Community-Beitrag von Silva Schilling und Deborah Wiegand
Seit dem gemeinsamen Ankreiden bei @catcallsofkonstanz sind wir, Debbie und Silva, für uns gegenseitig zum feministischen must-have geworden. Das bedeutet, dass wir uns Raum zugestehen, miteinander ansozialisierte Geschlechterschranken hinterfragen und uns in unseren Gefühlen, vor allem der Wut, zu unterstützen. Aus dieser Haltung heraus wollen wir unsere Erfahrungen laut machen. Als Soundtrack zur Lektüre schlagen wir “Ich sage ja” von Blond und Power Plush vor.

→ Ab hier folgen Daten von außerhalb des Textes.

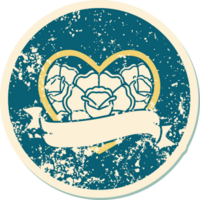 ikonisches Distressed Sticker Tattoo Style Bild eines Herzens und Banner mit Blumen png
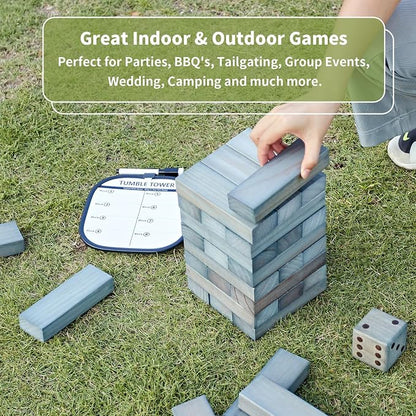 ApudArmis 60 PCS Giant Tumble Tower Stack to 5Ft, Pine Wooden Stacking Timber - Image 5
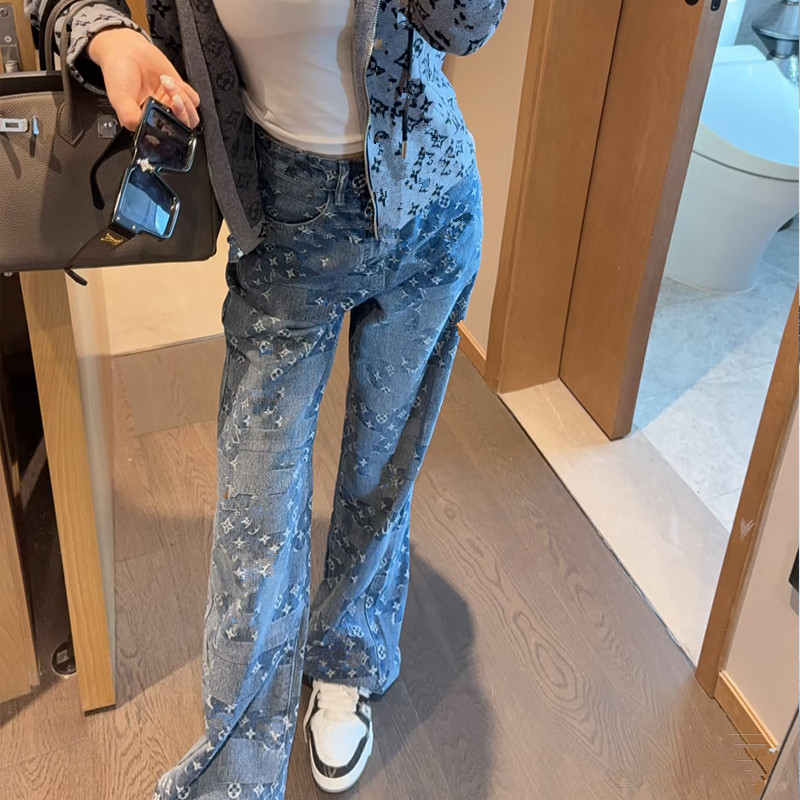 2025秋季新款长裤直筒口袋字母刺绣百搭竖纹窄版阔腿牛仔长裤女潮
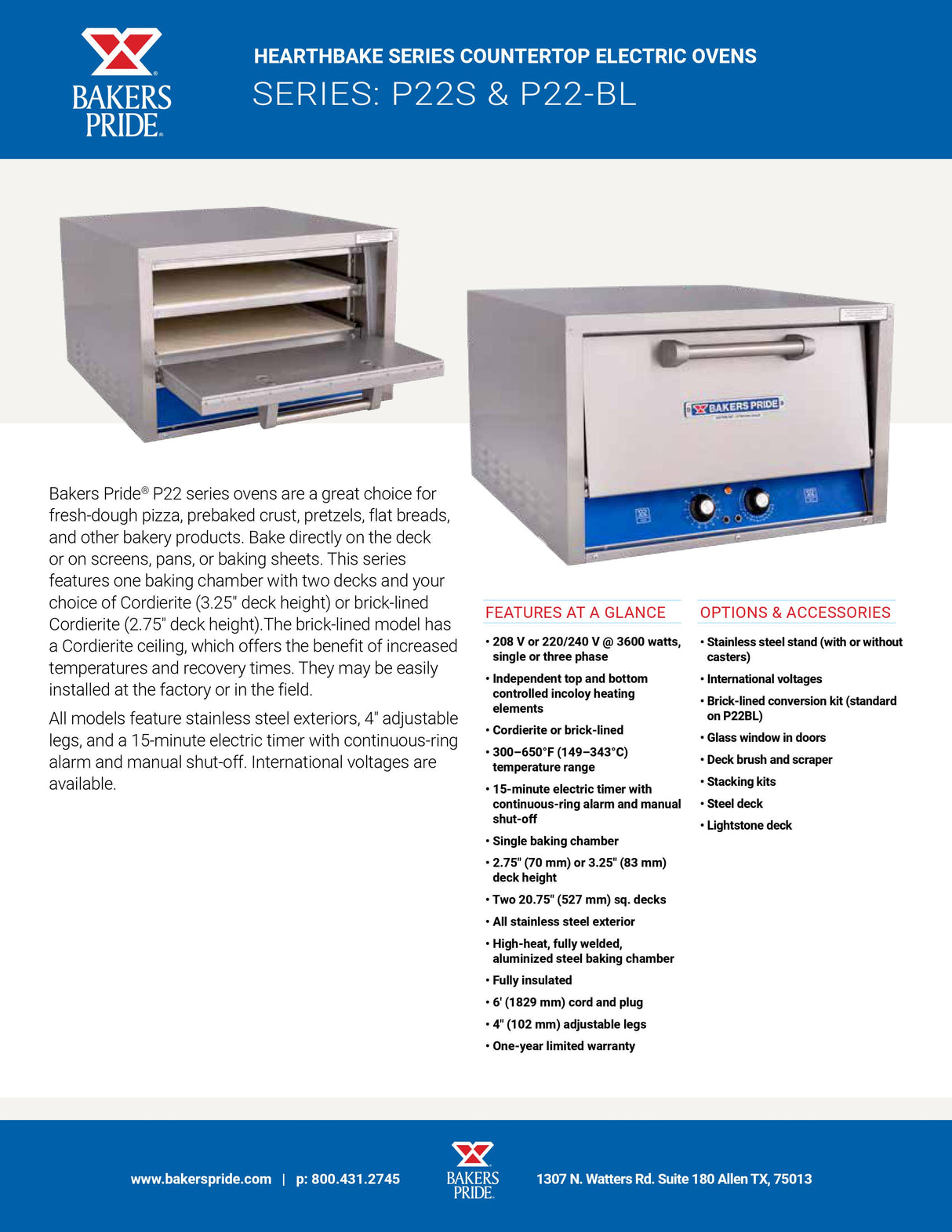 Features sheet for P22S and P22-BL Series ovens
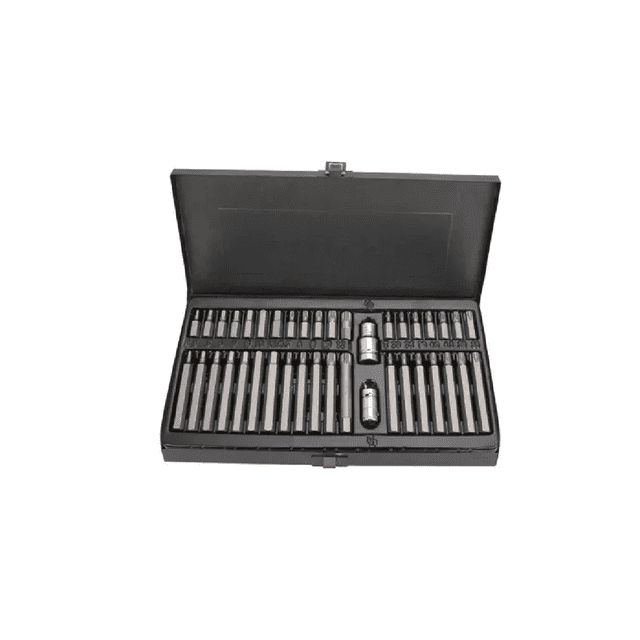 Kit Puntas Bristol Torx Hexagonales Con Adaptador 40 Piezas negro gris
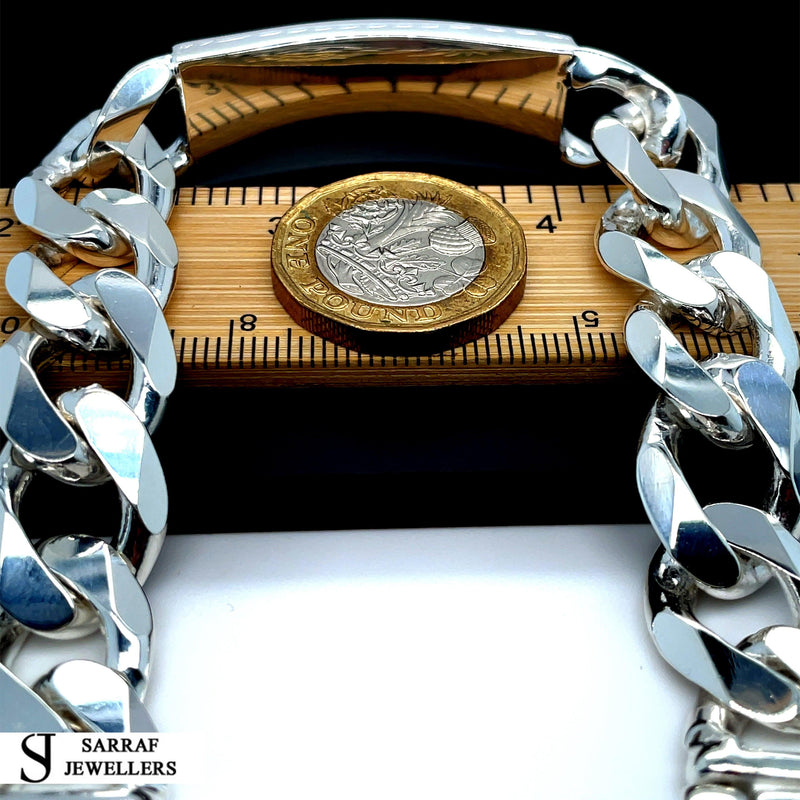 Cuban Curb ID BRACELET 925 SOLID Sterling Silver Heavy Mens Royal Jewellery NEW* - Sarraf Jewellers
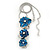 'Triple Flower' Teal Blue Enamel Diamante Necklace & Drop Earrings Set In Rhodium Plated Metal - 38cm Length (6cm extender) - view 5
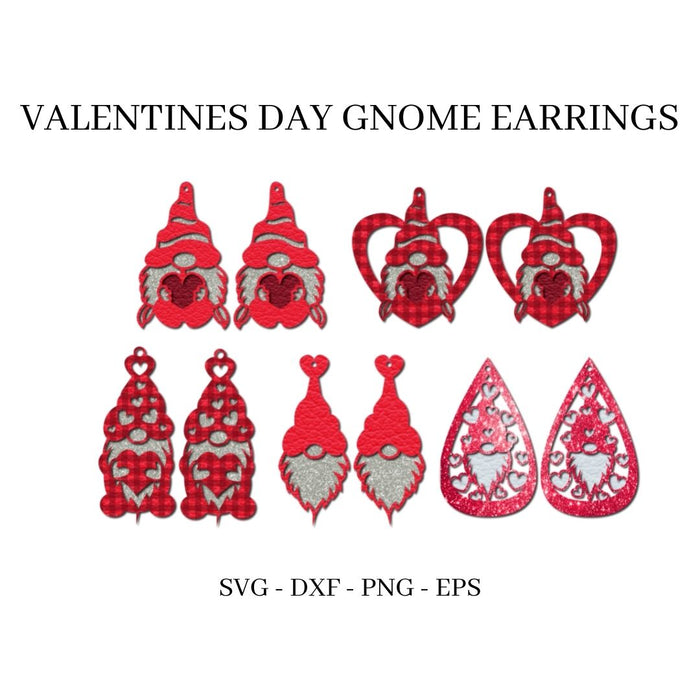 Valentines Day Gnome Earrings SVG Bundle - Svg Ocean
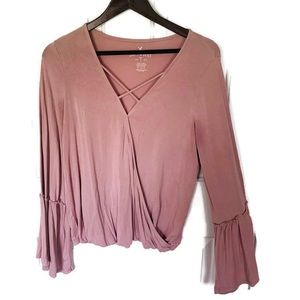 American Eagle soft & sexy bell sleeve wrap top pink size Medium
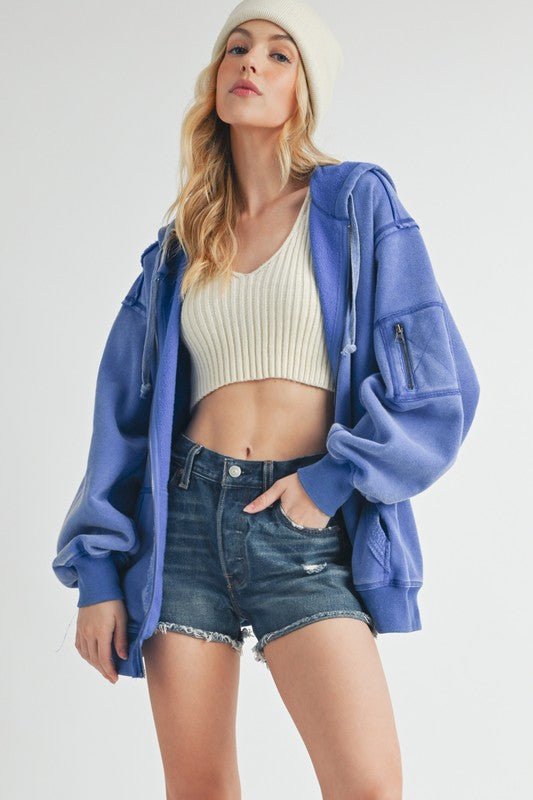 Stripline Acid Wash Hoodie Jacket - KIOKO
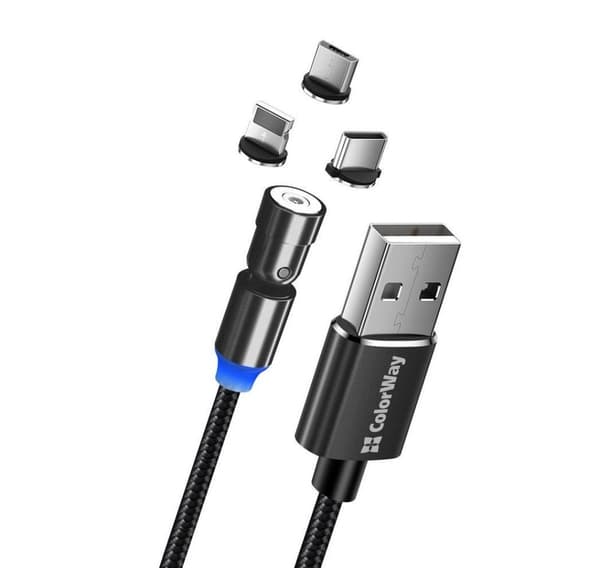 ColorWay, Kabel 3i1 (Lightning+MicroUSB+Type-C) Magnetisk rotation 540° 2,4A, 1m, CW-CBUU037-BK
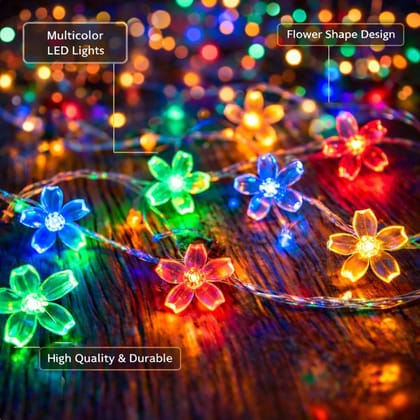 SPARKWORLD Multicolor Silicone Flower Decorative LED String Lights 2 Qty | Festive & Home Decoration Fairy Lights | Size: 3.5 m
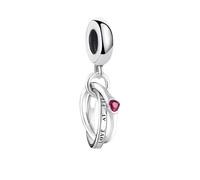 LDGSUPH 925 Sterling Silver Charm Pendant, Two Linked Rings and Red Stone Heart Charms Pendant Fits European Snake Chain Bracelets & Necklaces, Romantic Gift for Girlfriend Wife(Ring)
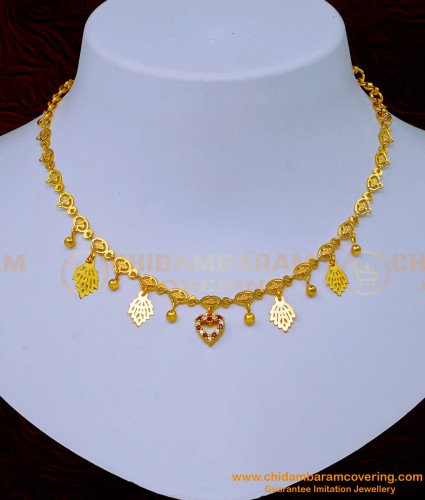 NLC1103 - Unique I Gram Gold Light Weight Simple Western Necklace Gold Design for Girls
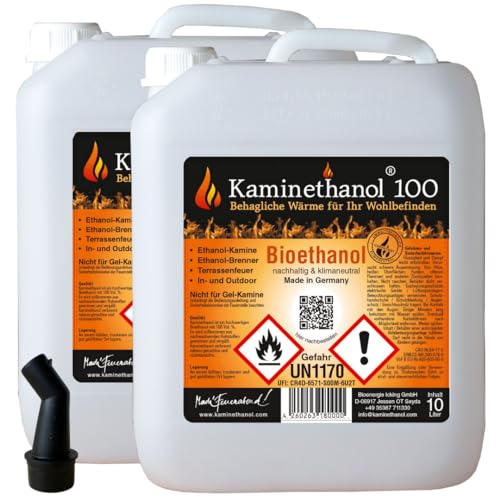 20 L Bioethanol 100% Ethanol 20 Liter Bio Alkohol 10 L Kanister Kamin Ausgießer von Kaminethanol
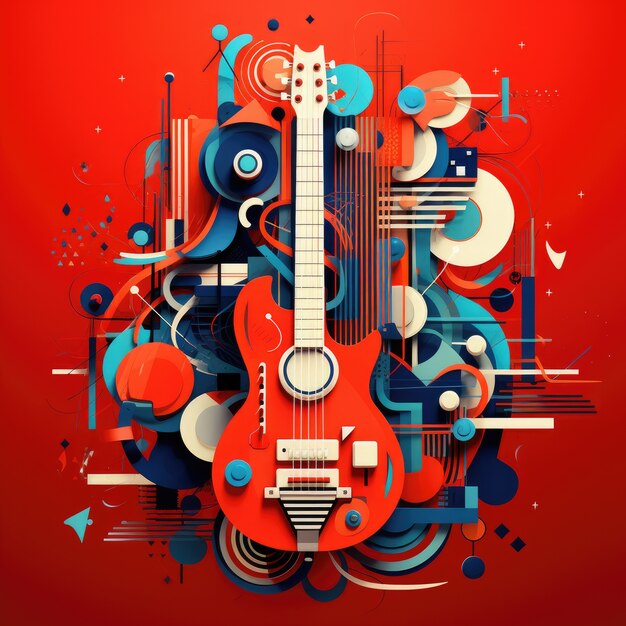 Guitarra de estilo de dibujos animados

Triggerwarnung: sexualisierte Gewalt / häusliche Gewalt
Es ist Samstagabend, 20. Mai auf dem Campus Festival 2023 in Konstanz. Wir haben zwei intensive Tage erlebt, aber der Moment, in dem unsere Stimmung kippt, ist das Konzert des Headliners Marteria, der Wochen zuvor wegen Gewaltvorwürfen die Schlagzeilen füllte. An der Mainstage jubeln ihm Tausende eine Stunde lang zu, während Einzelne am Rand, uns eingeschlossen, nicht wissen, wohin mit ihren Emotionen. Unsere Wut, Ohnmacht und Enttäuschung kollidieren mit der überwältigenden Unbeschwertheit, die die Menschenmenge ausstrahlt. Auch jetzt, Wochen später, halten diese Gefühle noch an. Ein Blick in eine Kommentarspalte zu den Vorwürfen sexualisierter Gewalt um Rammstein-Sänger Till Lindemann reicht, um sie weiter zu befeuern. Wir wollen in diesem Artikel über unsere Erfahrungen beim Campus Festival und Marterias Auftreten reden. Gleichzeitig wollen wir auch thematisieren, warum unsere Gefühle kein Zufall sind. Denn egal ob wir über Marteria oder Till Lindemann sprechen, es ist ein Sprechen über ein strukturelles Problem.
„Strukturell“ bedeutet, dass das Problem nicht auf einzelne Personen zurückzuführen ist, sondern aus einem System ungleicher Machtverhältnissen heraus entsteht. Es gibt verschiedene Kategorien, die sich als relevant für das Sprechen über Ungleichheit erwiesen haben. Beispiele für solche Machtdimensionen sind Alter, Geschlecht, Hautfarbe oder soziale Klasse. Für eine kapitalistisch, patriarchal, klassistisch und rassistisch geprägte Gesellschaft bedeutet das auch, dass manche Menschen mehr Macht haben als andere. Daraus ergeben sich immer wieder ähnliche Probleme, die trotz ihrer Verschiedenheit einen gemeinsamen Ursprung haben.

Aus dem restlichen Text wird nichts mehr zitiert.